Requirement:
Only lines that contain the word "Apartamento" belong in the answer; copy them from the records below.

Supplied information START

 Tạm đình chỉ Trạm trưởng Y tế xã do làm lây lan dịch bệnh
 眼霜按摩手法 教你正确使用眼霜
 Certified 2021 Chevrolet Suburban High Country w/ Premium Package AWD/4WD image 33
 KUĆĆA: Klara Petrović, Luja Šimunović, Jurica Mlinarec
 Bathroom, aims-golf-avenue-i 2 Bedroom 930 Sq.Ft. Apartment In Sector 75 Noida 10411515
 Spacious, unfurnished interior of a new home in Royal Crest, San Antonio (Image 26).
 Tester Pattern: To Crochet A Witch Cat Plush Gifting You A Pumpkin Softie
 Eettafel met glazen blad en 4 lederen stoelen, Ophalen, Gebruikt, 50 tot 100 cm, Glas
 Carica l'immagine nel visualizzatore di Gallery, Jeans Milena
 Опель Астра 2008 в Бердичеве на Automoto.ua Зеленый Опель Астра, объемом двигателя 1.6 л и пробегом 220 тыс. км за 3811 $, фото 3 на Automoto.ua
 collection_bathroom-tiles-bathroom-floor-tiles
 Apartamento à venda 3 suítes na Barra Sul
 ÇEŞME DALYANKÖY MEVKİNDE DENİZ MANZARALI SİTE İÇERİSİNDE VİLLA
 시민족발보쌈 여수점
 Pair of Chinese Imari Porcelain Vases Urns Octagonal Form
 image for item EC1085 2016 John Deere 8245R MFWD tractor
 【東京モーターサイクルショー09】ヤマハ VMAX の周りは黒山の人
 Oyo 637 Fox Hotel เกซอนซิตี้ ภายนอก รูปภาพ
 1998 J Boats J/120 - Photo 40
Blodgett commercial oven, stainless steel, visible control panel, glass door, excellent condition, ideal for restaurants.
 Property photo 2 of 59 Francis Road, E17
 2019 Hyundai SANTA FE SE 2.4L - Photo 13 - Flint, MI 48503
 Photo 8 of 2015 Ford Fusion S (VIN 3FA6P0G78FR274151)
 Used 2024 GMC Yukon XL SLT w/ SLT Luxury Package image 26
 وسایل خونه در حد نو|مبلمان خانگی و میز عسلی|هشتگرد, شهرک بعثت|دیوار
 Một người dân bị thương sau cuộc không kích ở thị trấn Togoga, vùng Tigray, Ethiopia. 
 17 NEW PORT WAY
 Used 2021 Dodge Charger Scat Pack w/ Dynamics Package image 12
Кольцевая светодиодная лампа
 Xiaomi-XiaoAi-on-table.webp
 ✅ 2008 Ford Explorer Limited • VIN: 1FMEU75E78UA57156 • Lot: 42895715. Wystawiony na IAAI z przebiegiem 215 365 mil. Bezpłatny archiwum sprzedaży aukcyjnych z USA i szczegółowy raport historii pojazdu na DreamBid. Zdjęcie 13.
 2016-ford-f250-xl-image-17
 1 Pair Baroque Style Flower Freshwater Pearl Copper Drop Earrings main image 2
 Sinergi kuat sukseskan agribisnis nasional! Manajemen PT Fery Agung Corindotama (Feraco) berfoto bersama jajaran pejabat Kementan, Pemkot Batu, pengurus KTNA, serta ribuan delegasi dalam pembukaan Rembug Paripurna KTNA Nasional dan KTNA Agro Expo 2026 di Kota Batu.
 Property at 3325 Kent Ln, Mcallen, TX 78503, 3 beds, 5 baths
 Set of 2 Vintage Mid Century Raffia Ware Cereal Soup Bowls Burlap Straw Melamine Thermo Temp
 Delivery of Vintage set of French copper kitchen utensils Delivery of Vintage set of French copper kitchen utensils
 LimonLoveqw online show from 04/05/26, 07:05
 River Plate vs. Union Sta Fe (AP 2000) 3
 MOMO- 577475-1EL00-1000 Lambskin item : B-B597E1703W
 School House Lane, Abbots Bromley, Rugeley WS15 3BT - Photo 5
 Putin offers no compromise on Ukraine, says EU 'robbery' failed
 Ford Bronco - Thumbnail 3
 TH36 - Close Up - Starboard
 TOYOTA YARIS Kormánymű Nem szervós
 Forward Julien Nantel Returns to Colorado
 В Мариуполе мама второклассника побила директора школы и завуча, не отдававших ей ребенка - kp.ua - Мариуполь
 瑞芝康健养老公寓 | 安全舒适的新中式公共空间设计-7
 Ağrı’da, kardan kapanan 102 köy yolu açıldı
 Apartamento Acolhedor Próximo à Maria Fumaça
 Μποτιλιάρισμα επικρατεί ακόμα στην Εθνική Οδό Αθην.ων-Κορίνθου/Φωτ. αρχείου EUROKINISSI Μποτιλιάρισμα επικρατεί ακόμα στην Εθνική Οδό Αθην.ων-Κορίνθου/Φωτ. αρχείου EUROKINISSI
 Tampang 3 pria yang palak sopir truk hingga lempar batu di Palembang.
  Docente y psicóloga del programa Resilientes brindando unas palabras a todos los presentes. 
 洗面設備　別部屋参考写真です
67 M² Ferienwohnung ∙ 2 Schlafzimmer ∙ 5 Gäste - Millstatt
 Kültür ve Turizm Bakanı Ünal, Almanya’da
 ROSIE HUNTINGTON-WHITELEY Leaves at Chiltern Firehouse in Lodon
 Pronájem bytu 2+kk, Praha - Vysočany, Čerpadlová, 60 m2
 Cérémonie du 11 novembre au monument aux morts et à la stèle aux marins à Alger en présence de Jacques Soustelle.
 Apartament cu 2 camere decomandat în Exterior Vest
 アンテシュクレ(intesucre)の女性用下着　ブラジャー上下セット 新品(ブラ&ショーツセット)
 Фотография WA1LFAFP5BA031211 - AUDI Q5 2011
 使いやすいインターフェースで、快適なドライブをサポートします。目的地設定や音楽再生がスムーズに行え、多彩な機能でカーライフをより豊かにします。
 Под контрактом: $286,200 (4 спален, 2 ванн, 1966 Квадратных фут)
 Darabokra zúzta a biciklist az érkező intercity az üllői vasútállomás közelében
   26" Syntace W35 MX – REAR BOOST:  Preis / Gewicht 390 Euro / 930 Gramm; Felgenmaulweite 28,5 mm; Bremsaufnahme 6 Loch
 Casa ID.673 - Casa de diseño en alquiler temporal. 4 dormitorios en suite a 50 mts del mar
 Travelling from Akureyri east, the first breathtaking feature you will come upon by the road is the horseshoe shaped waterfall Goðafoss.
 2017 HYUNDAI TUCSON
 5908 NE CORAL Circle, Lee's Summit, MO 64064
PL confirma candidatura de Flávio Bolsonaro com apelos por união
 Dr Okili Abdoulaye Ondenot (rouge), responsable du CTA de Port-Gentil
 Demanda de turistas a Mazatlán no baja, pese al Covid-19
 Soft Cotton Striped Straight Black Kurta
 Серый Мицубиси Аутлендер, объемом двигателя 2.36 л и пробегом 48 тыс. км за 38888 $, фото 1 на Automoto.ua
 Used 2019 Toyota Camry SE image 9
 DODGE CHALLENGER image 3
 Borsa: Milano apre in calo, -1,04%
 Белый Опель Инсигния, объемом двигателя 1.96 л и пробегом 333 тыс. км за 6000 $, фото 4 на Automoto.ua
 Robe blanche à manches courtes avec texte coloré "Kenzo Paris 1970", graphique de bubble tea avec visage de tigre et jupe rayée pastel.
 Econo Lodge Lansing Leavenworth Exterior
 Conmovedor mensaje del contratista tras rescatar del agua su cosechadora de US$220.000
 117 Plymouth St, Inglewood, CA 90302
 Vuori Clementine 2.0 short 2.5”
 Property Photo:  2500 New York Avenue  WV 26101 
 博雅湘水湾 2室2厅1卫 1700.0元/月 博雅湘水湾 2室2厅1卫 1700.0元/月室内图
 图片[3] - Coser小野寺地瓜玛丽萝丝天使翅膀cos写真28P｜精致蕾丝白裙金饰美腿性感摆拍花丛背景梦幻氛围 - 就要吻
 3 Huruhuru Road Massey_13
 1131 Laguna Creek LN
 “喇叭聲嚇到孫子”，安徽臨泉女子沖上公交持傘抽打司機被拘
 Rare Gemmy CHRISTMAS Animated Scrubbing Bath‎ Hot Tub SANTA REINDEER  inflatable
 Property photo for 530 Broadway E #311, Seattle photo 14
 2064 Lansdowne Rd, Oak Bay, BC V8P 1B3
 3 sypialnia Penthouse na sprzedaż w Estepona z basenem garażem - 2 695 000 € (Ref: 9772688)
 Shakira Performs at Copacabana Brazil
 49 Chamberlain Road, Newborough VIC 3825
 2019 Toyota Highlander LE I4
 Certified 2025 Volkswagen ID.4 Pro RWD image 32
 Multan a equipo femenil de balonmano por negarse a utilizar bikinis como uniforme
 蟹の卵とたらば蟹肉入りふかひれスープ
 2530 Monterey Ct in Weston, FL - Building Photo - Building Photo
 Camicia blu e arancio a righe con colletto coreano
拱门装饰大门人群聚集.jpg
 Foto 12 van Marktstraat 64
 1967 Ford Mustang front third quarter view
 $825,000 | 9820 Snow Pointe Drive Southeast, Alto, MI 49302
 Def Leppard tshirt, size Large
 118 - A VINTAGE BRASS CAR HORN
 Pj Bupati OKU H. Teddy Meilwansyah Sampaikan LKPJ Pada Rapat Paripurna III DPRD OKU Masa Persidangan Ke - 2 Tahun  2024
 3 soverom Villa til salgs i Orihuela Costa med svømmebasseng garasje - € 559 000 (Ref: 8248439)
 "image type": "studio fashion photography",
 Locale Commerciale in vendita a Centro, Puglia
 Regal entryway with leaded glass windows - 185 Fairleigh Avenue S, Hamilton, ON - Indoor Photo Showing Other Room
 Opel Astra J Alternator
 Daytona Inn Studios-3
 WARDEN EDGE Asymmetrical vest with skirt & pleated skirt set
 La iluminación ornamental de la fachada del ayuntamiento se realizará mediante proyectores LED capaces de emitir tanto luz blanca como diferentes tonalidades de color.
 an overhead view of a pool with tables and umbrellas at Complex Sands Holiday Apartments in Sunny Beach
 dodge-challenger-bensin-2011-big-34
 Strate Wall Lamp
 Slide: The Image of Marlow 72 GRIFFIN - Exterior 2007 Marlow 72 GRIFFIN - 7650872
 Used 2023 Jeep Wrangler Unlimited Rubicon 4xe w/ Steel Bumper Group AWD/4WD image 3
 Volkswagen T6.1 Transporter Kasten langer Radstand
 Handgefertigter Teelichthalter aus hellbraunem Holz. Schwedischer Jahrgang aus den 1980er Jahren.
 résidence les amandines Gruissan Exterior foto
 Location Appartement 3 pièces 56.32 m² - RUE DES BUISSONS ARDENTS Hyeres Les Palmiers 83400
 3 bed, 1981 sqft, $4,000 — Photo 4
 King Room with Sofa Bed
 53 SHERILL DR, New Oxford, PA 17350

Supplied information END

The completed task:
 Apartamento à venda 3 suítes na Barra Sul
 Apartamento Acolhedor Próximo à Maria Fumaça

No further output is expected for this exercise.